TO DO: Print, word for word, every line from the beginning of the listing up to and including the line with "播种女神 2法郎银币 非常漂亮". Pictures are to be excluded.

PROVIDED MATERIAL:
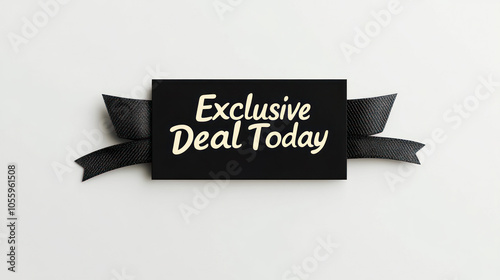 A striking black banner highlights an exclusive deal available today combining an inviting design with an urgent call to action for potential customers seeking special offers photo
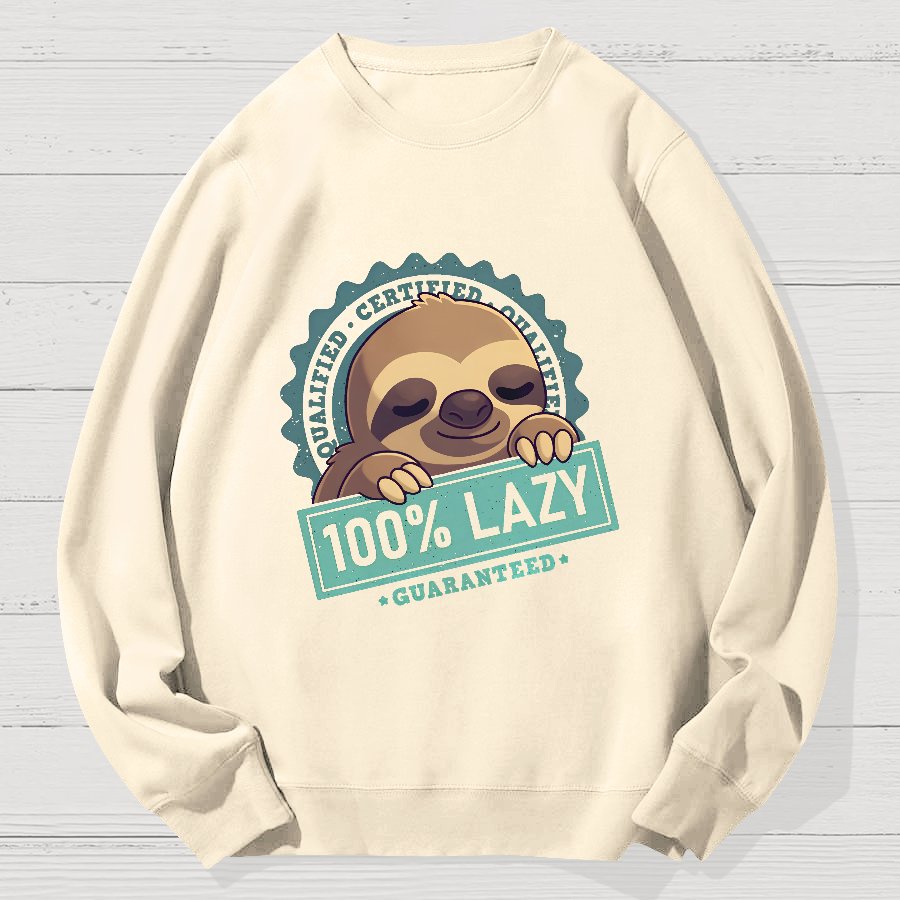 100% Lazy Sloth Geek Cotton Sweatshirt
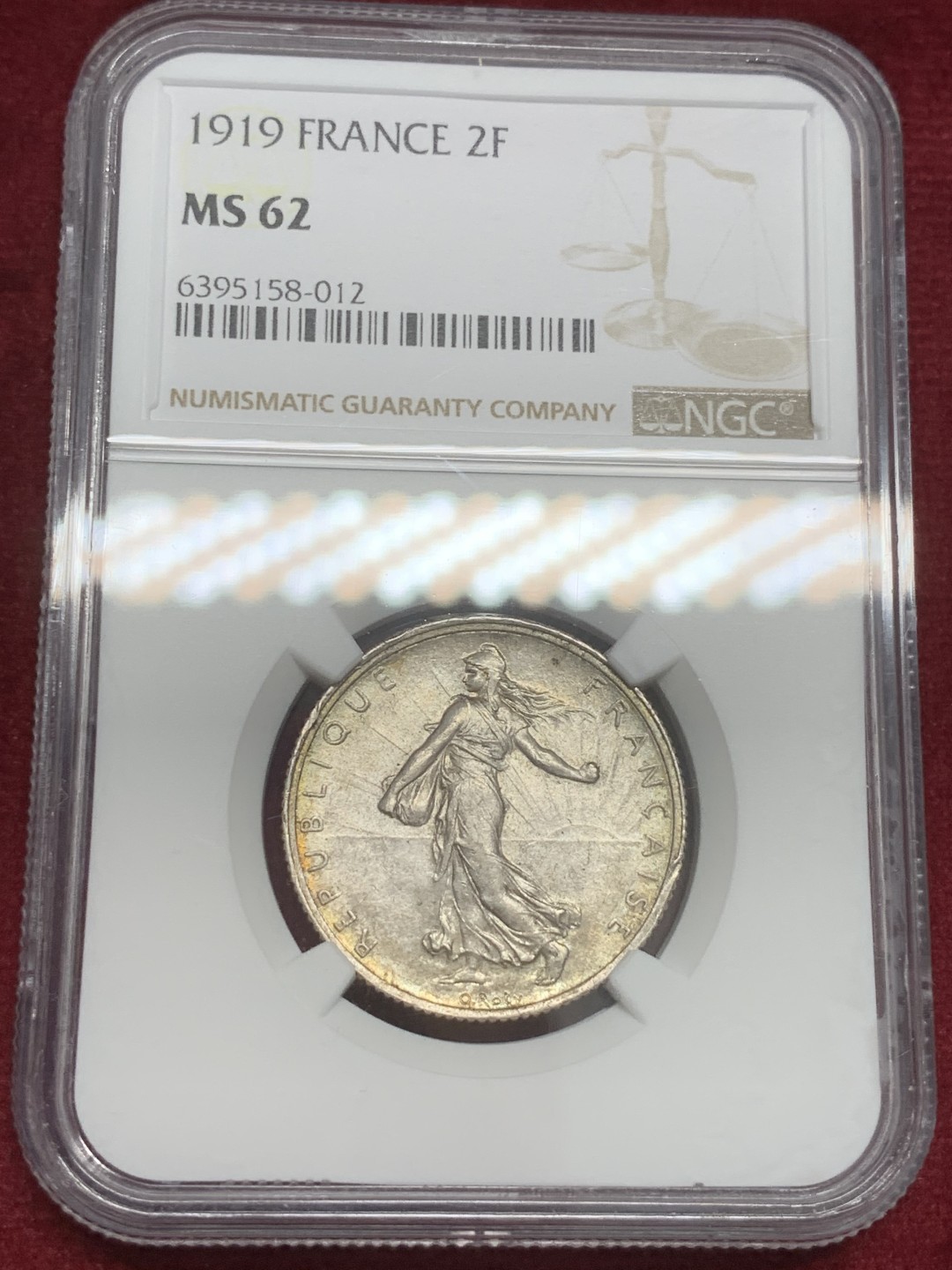 《竞宝斋》第82场-本周日，周一，周四3场拍卖（全场不限金额包邮） NGC-MS62 法国1919年 播种女神 2法郎银币 非常漂亮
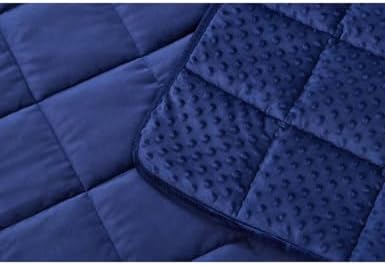 TONGDADA Minky Weighted Blanket | 40''x60'',10lbs | Cozy and Soft Minky Weighted Throw Blanket | Luxury Velvet with Premium Glass Beads | Navy Minky - Image 4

YOUR RESPONSE:
 A striking black banner highlights an exclusive deal available today combining an inviting design with an urgent call to action for potential customers seeking special offers photo
 100% Lazy Sloth Geek Cotton Sweatshirt
 《竞宝斋》第82场-本周日，周一，周四3场拍卖（全场不限金额包邮） NGC-MS62 法国1919年 播种女神 2法郎银币 非常漂亮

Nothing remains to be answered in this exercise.